Molière’s The Miser Runs Through Saturdayby Jim Amidon • April 17, 2012
The first time an actor in the Wabash College Theater Department’s production of Molière’s rollicking farce The Miser grabs a doorknob and it falls off in his hand, the audience is left to wonder if it was scripted or if it was an accident.
By the time banisters drop to the floor and mantelpieces fall off the wall, you realize that this laugh-out-loud comedy has all the makings of a great French farce.
Guest Director Rob Johansen has pulled out all the stops for this production, which runs through Saturday with 8 p.m. performances each night in Ball Theater of the Fine Arts Center. Tickets are free and can be reserved by phoning 361-6411.
A veteran cast, led by Wabash senior Jordan Plohr, stops at nothing to eek out every bit of humor from the nearly 400-year-old story.
Plohr plays Harpagon, an old miser who pinches pennies and pounds as tightly as he can. His mansion is falling to pieces and there are a dozen buckets catching rain in every part of the house. His horses are so malnourished they die while being hitched to the carriage. He waters down his wine — a few drops of wine and a full bottle of water suffices.
Harpagon wishes to marry, but more important he seeks to quickly marry off his daughter Elise, played by Abby Gillan, because the suitor (Seigneur Anselme played by Chris McCloskey) requires Harpagon to pay no dowry. “No dowry,” Plohr repeats over and over to tear-producing laughs.
Johansen says he’s urged the actors to stop at nothing in this no-holds-barred production.
“We are trying to find a style with this piece that honors both the time period of the 1600's and still has a contemporary air to it,” said Johansen, who is a veteran at the Indiana Repertory Theatre and regional playhouses all over the country.
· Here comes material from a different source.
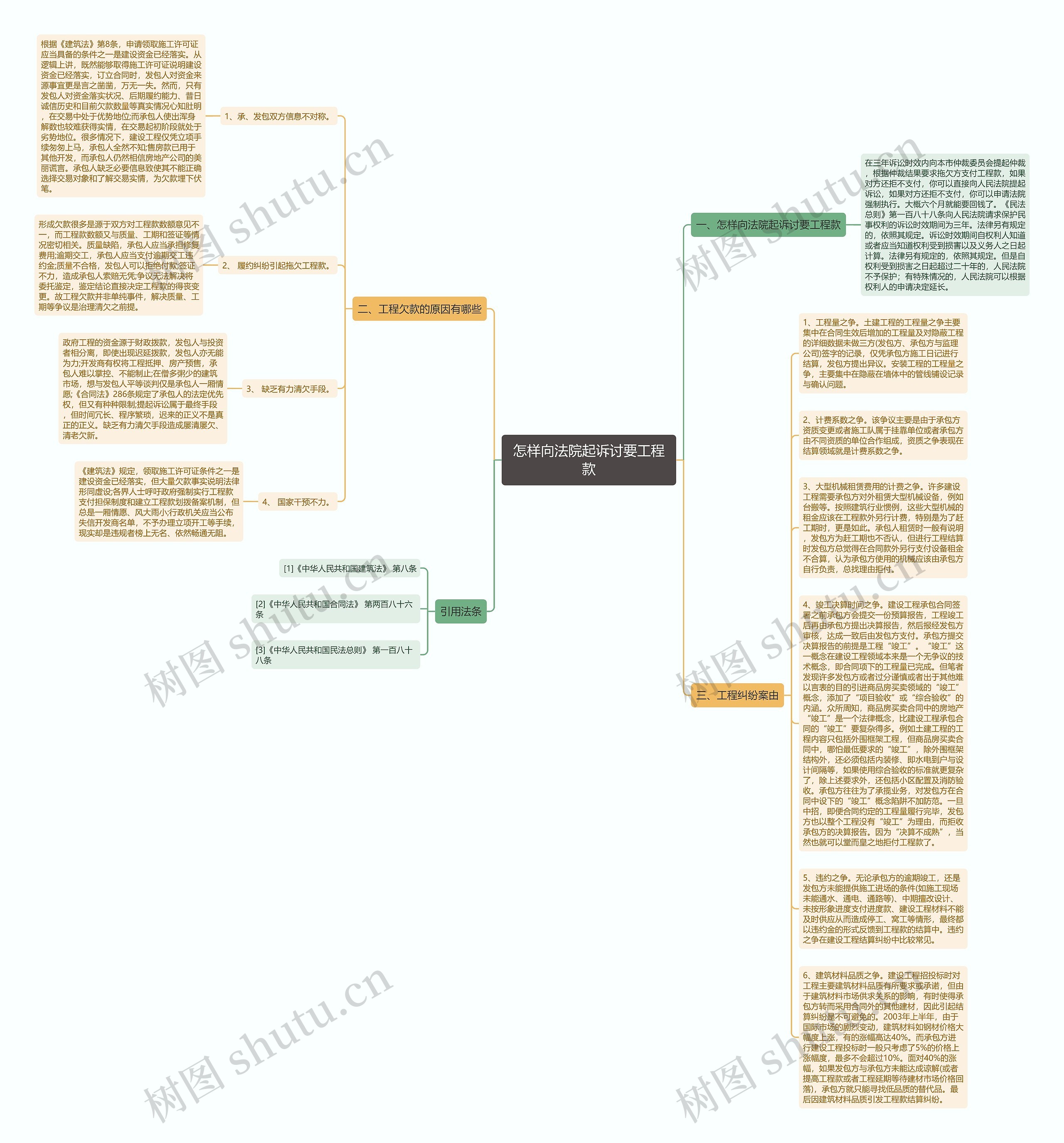 怎样向法院起诉讨要工程款思维导图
“I have been urging the actors to lean toward an honest investment to very heightened stakes. If you are in love, you are desperately in love — to the point where you could almost break into song about your feelings. I think that is a fun way to approach farce.”
Harpagon is led to believe that the lovely Mariane, played by Crawfordsville’s Jennifer Peacock, is willing to marry him in spite of the 40-year age difference. Meanwhile, Mariane is secretly in love with Harpagon’s son, Cléante (played by Brad Hopper). Orchestrating at least part of the madness is the sneaky, stealing woman of intrigue, Frosine, a part played by Wabash rhetoric professor Sara Drury.
Because Molière could never stop at one mad-cap story line, there are others. As he plots to marry off his daughter to an old man who wants no dowry, Harpagon seeks advice from his faithful servant, Valère (played brilliantly by Joe Mount). Valère is in love with Elise and hopes to marry her, but the thought of Harpagon being able to marry off his daughter without a dowry gives him pause… and another pause… and still another.
James Gross has again done remarkable work designing and building a large-scale set — a mansion that literally falls apart as the show progresses. Laura Glover’s lighting adds starkness to the miser’s mansion, while at once heats up the action as the play progresses.
Andrea Bear showcases her skills as a costumer with period frocks that are simply gorgeous in color and style. Of course, for the miser himself, the word “rags” better describes Harpagon’s clothes.
Crawfordsville’s Joe Reese keeps all the action moving as the production’s very busy stage manager.
The cast of Molière’s The Miser includes: Jordan Plohr as Harpagon; Brad Hopper as Cléante; Abby Gillan as Elise; Joe Mount as Valère; Jennifer Peacock as Mariane; Chris McCloskey as Seigneur Anselme; Sara Drury as Frosine; Han Nie as Maître Simon; Devan Young as Master Jacques; Reed Hepburn as La Flèche; Taylor Zartman as Dame Claude; Nikolas Jones as Brindavoine; Leo Helfer as La Merluche; and Raynor Mendoza as the Commissioner.